This paper presents a resource selection approach in large-scale distributed systems. The approach is decentralized and self-adapting, and aims to address scalability and resiliency in the face of changes in the number of attributes (representing the characteristics of nodes and the requirements of users and applications). The authors also address changes in the overall system composition (nodes opting in and out of the system). As noted by the authors, the paper is an extended version of a 2009 conference paper [1].
The paper is well written and nicely structured. The authors introduce challenges related to the resource selection problem in terms of scalability, and how to dynamically adapt to changes over time in the composition of the system or in the requirements of applications. They then present the system model, describing how they characterize the nodes and the overall system, and describe base resource discovery (without self-adaptation), including the network topology used, and query routing. The paper includes interesting discussions on dealing with updates and the reconfiguration of the system and providing maintenance in the presence of dynamic changes (churn, failure, and the set of attributes). Self-adaptation can impact or improve the system (in terms of workload, delivery, and so on). The presented approach is based on gossip-based protocols, which are also explained in this paper.

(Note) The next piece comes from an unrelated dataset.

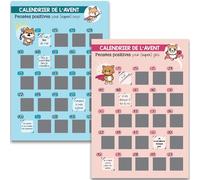 Lot de 2 calendriers de l'avent Noël à gratter enfant, un fille + un garçon, pensées positives, messages bienveillants, pour gagner en confiance en soi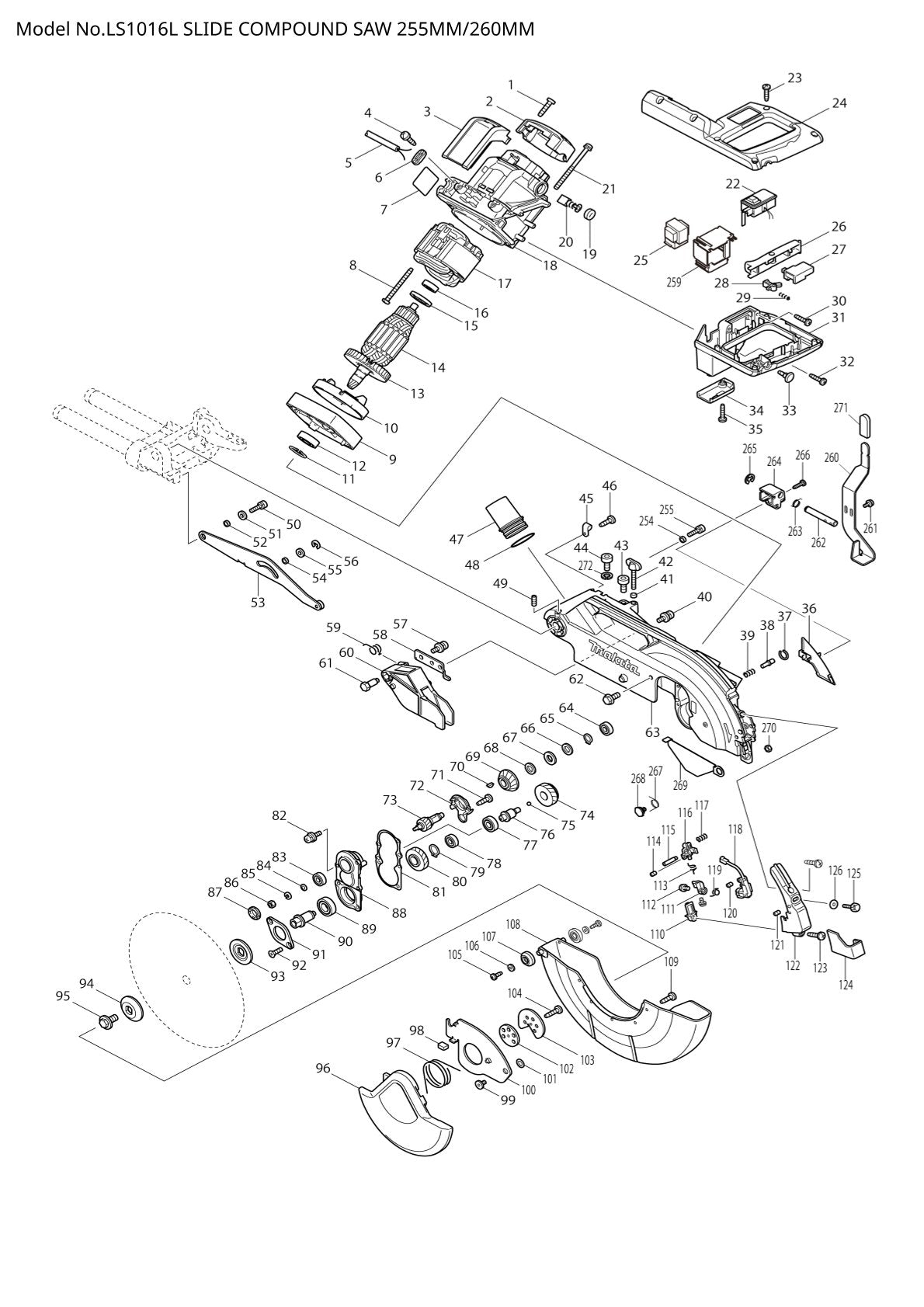 Pièces détachées scie à onglets radiale Makita LS1016L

Every section includes an evaluation section with simulations or emulated setups (including some that use PeerSim). There are, however, no experiments involving actual deployments, as claimed in the conclusion. Some of the simulation setups are based on data from actual deployment traces from the Berkeley open infrastructure for network computing (BOINC) platform, but these are two completely different things. This is a drawback of the paper, as some of the simulation results are actually confusing and difficult to interpret. Confusing details include, for example, quite random routing overhead versus number of attributes in the system, and inexplicable and quite random drops in the delivery rates versus churn (rates even drop to zero in figure 9(a)). Real-world deployment and experimentation would greatly enhance the value of the work presented in this paper.